#### Study material:
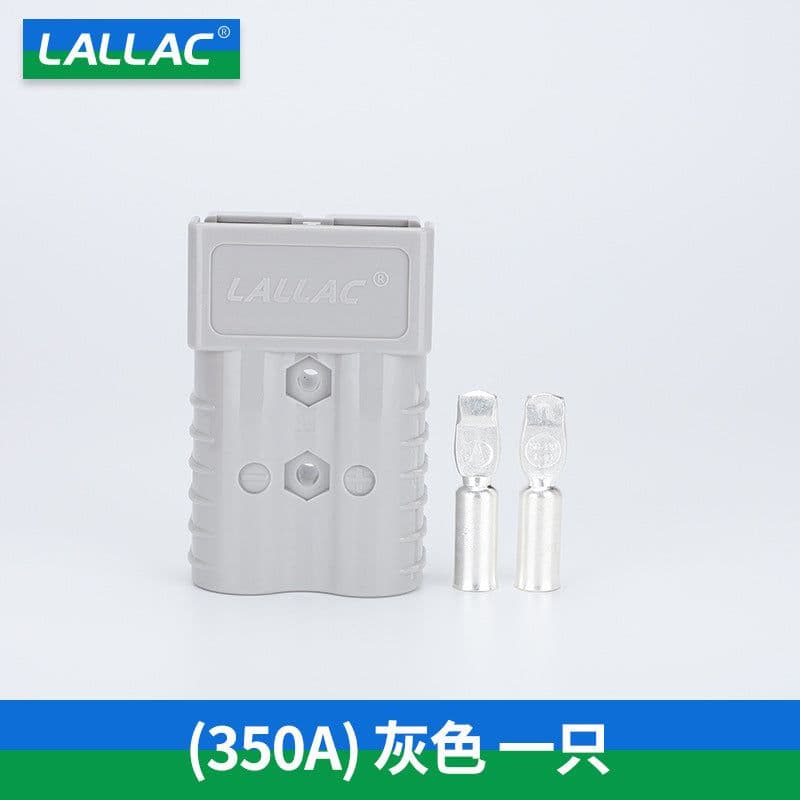 image-Anderson Plug 50A Battery Connector - Gray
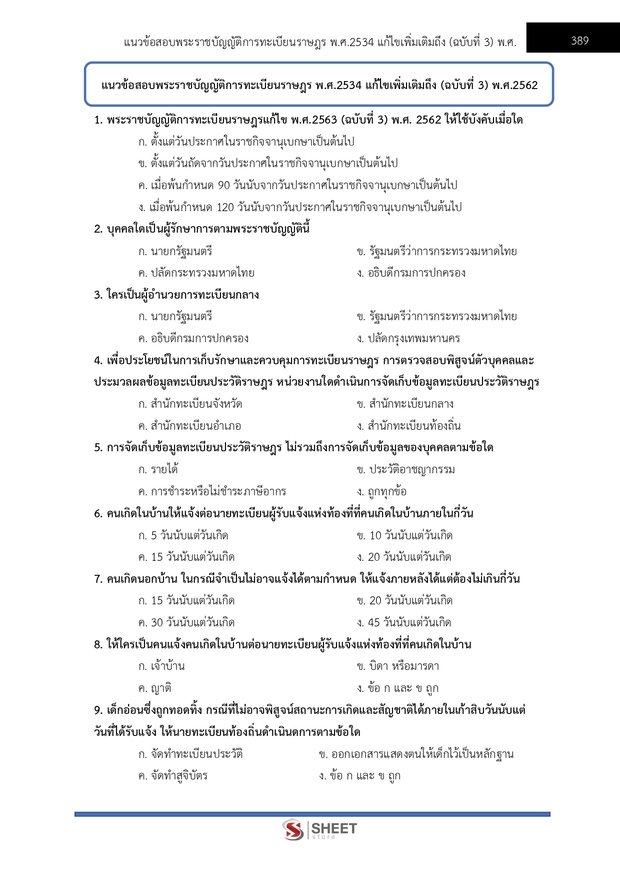 แนวข้อสอบ เจ้าพนักงานปกครองปฏิบัติการ กทม 2568
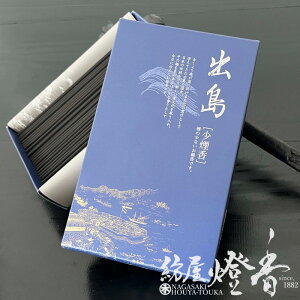   o zԂ̍  Zol a / DEJIMA ł AWTC  t[  ̍ nagasaki VR  h Ȃ ̋   CZ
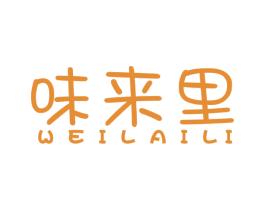 味来里 商标图样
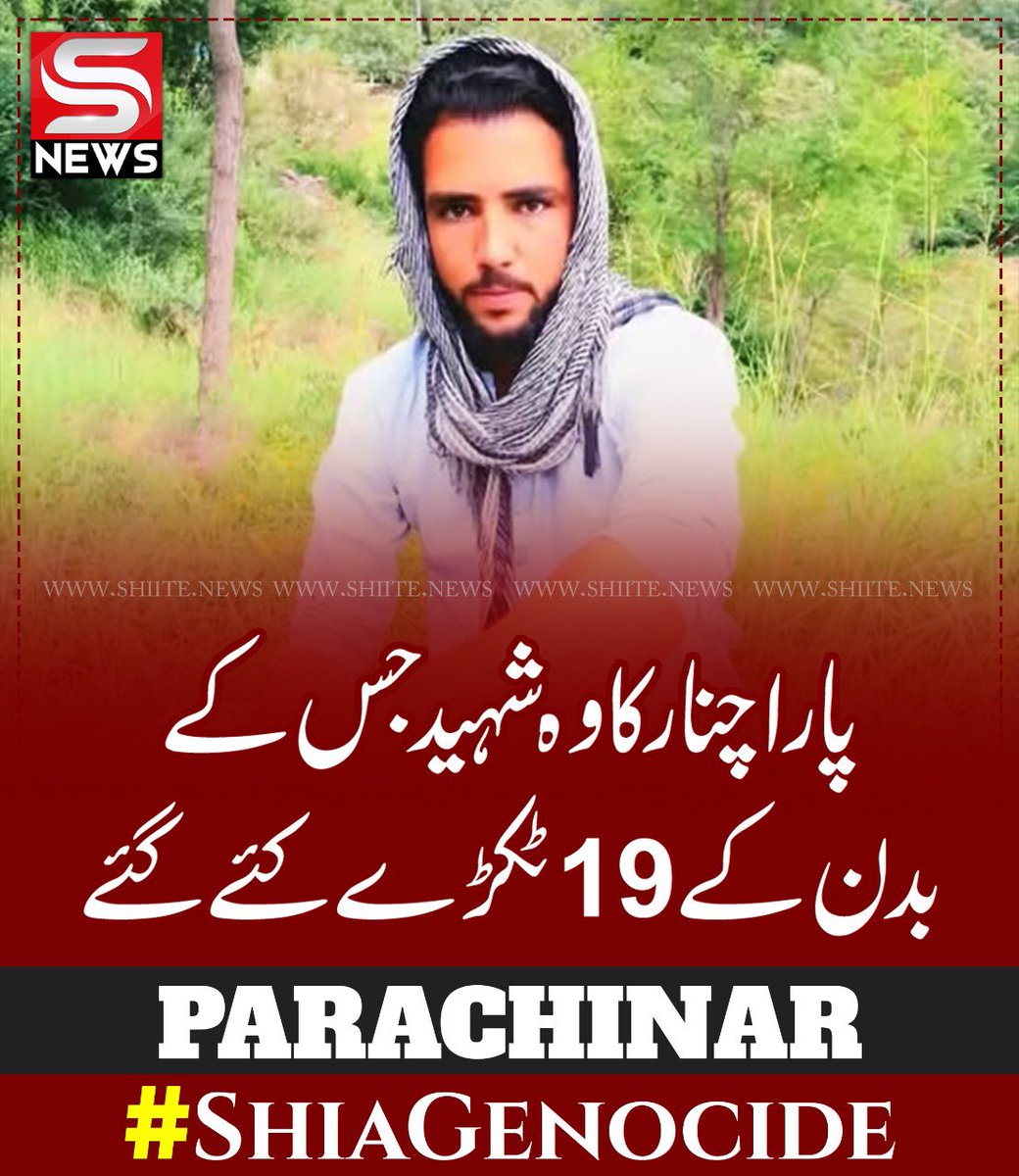 shiitenews110's tweet photo. پاراچنار کا وہ شہید جس کے بدن کے 19ٹکڑے کئے گئے

#Parachinar 
#ShiaGenocide https://t.co/J5xg0ZpiVG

#### Aim of the exercise:
Give the records back exactly. Leave the pictures out.

#### Your response:
 image-Anderson Plug 50A Battery Connector - Gray
 แนวข้อสอบ เจ้าพนักงานปกครองปฏิบัติการ กทม 2568
   o zԂ̍  Zol a / DEJIMA ł AWTC  t[  ̍ nagasaki VR  h Ȃ ̋   CZ
 味来里 商标图样
 shiitenews110's tweet photo. پاراچنار کا وہ شہید جس کے بدن کے 19ٹکڑے کئے گئے

#Parachinar 
#ShiaGenocide https://t.co/J5xg0ZpiVG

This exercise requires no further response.